# WORK TO COMPLETE:
The line with "I patched the" marks the first line to copy, and the line with "Welcome back to" marks the last. Transcribe that stretch of the data below exactly, without pictures.

# GIVEN DATA:
************

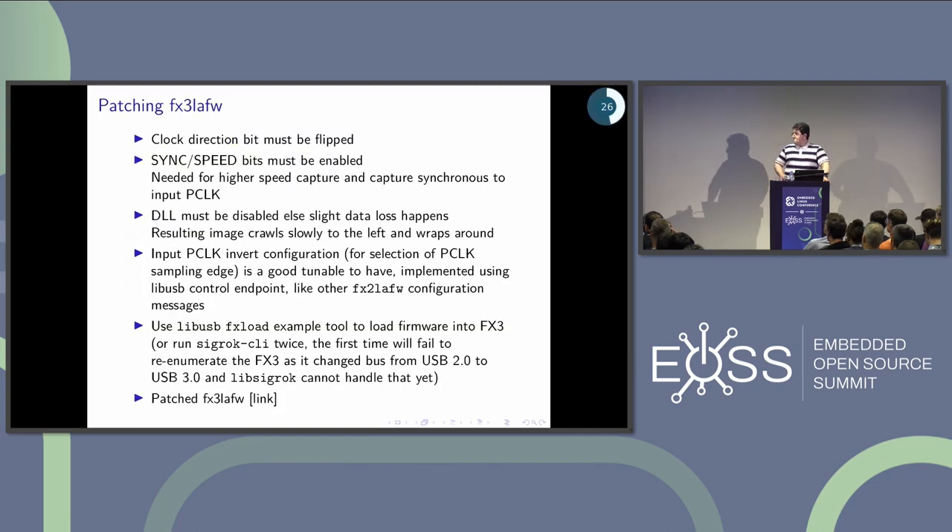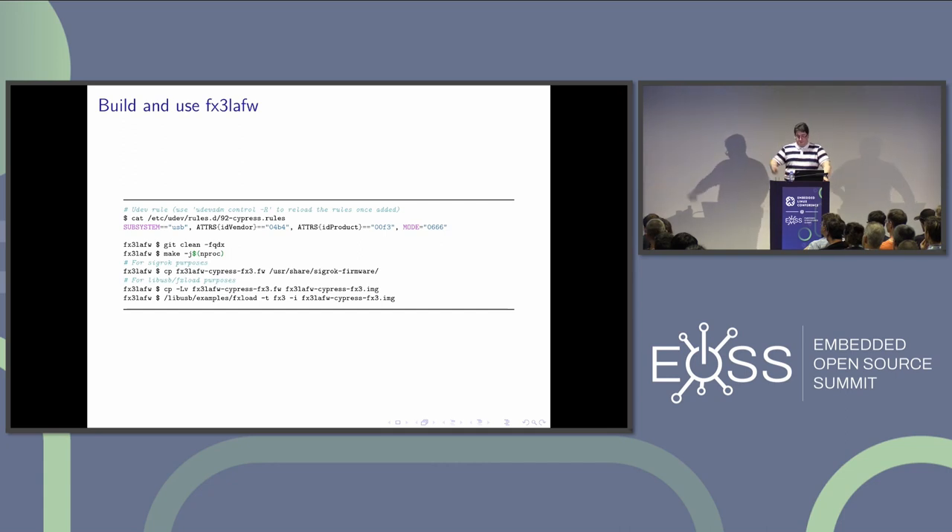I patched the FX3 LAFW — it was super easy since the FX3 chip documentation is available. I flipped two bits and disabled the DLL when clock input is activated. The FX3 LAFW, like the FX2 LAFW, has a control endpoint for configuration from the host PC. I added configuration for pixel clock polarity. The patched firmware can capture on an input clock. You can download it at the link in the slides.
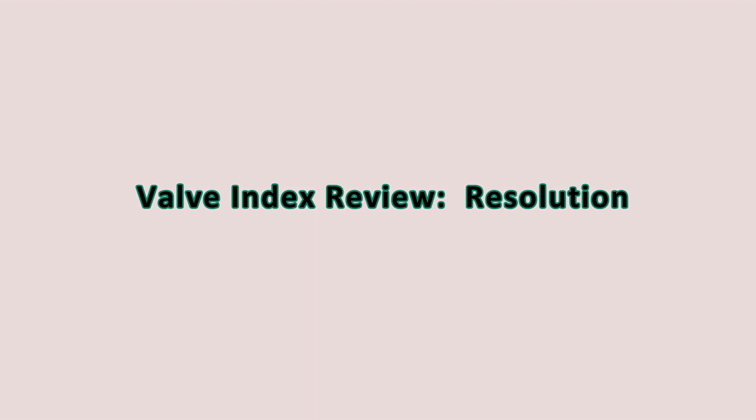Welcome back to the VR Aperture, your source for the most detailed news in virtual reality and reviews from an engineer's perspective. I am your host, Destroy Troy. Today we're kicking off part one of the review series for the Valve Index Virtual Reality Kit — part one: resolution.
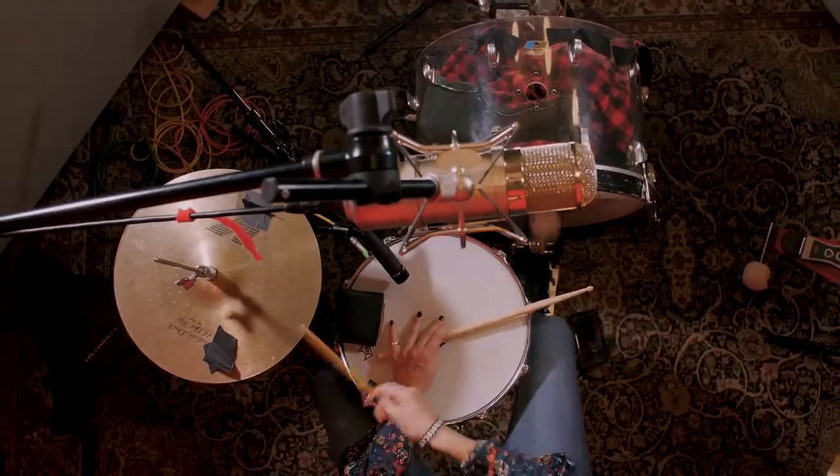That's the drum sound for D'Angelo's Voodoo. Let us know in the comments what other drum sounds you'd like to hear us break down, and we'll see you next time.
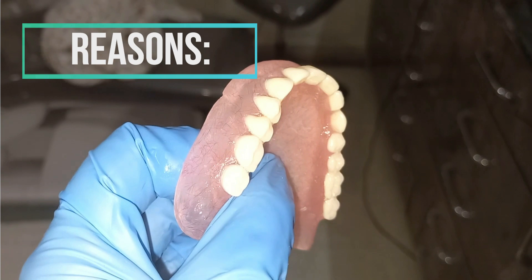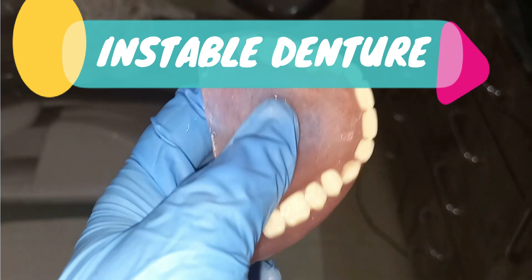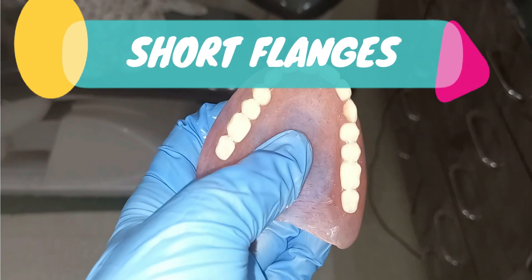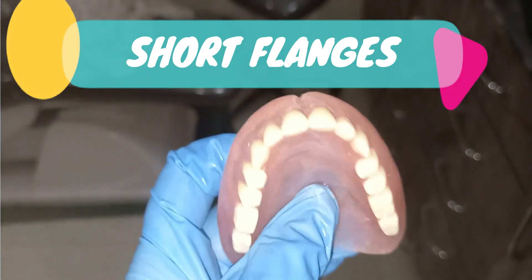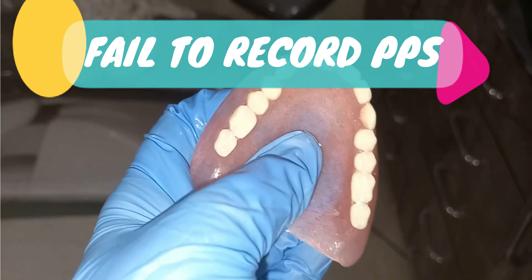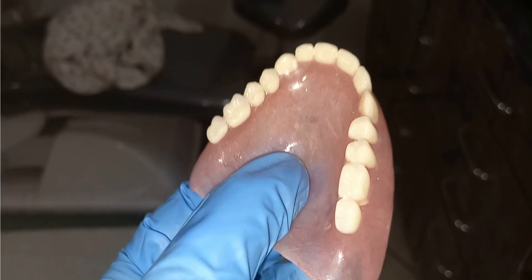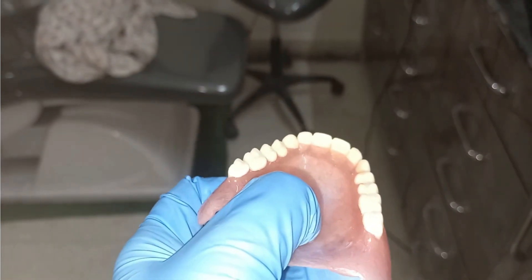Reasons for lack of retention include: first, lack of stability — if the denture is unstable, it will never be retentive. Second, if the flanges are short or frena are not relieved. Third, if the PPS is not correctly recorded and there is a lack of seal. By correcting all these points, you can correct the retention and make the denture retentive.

************

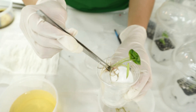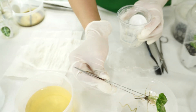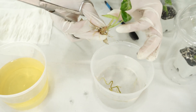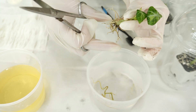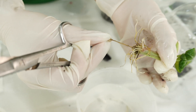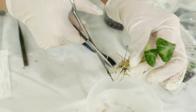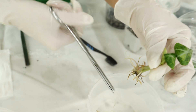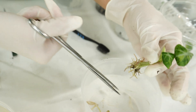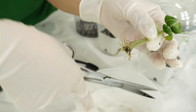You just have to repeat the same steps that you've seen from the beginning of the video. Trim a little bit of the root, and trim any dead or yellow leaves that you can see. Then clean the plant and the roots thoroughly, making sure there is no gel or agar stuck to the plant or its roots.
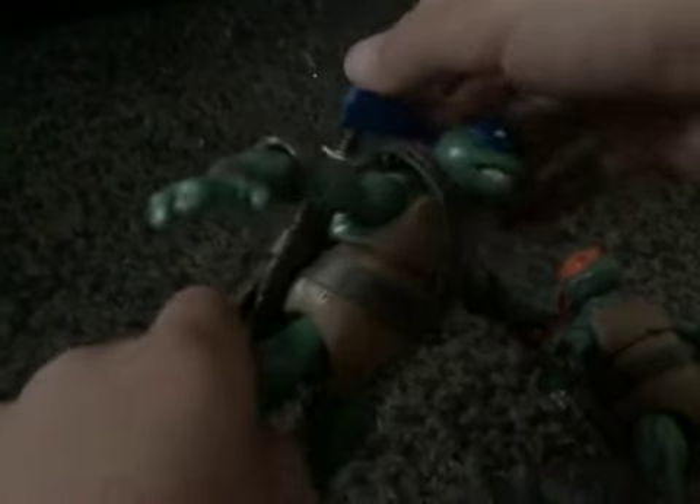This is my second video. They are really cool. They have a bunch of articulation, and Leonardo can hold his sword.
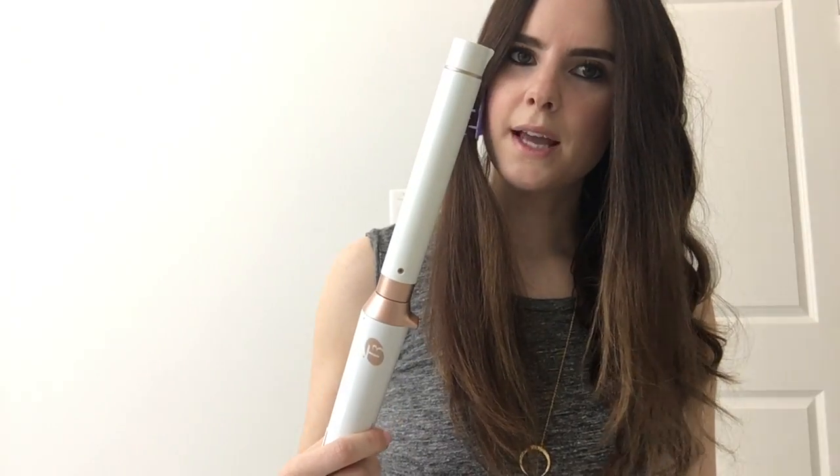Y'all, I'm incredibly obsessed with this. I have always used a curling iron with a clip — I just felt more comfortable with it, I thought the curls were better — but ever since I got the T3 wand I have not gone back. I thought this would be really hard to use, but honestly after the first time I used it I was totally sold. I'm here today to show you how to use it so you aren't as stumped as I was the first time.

************

# RESULT OF THIS TASK:
I patched the FX3 LAFW — it was super easy since the FX3 chip documentation is available. I flipped two bits and disabled the DLL when clock input is activated. The FX3 LAFW, like the FX2 LAFW, has a control endpoint for configuration from the host PC. I added configuration for pixel clock polarity. The patched firmware can capture on an input clock. You can download it at the link in the slides.
Welcome back to the VR Aperture, your source for the most detailed news in virtual reality and reviews from an engineer's perspective. I am your host, Destroy Troy. Today we're kicking off part one of the review series for the Valve Index Virtual Reality Kit — part one: resolution.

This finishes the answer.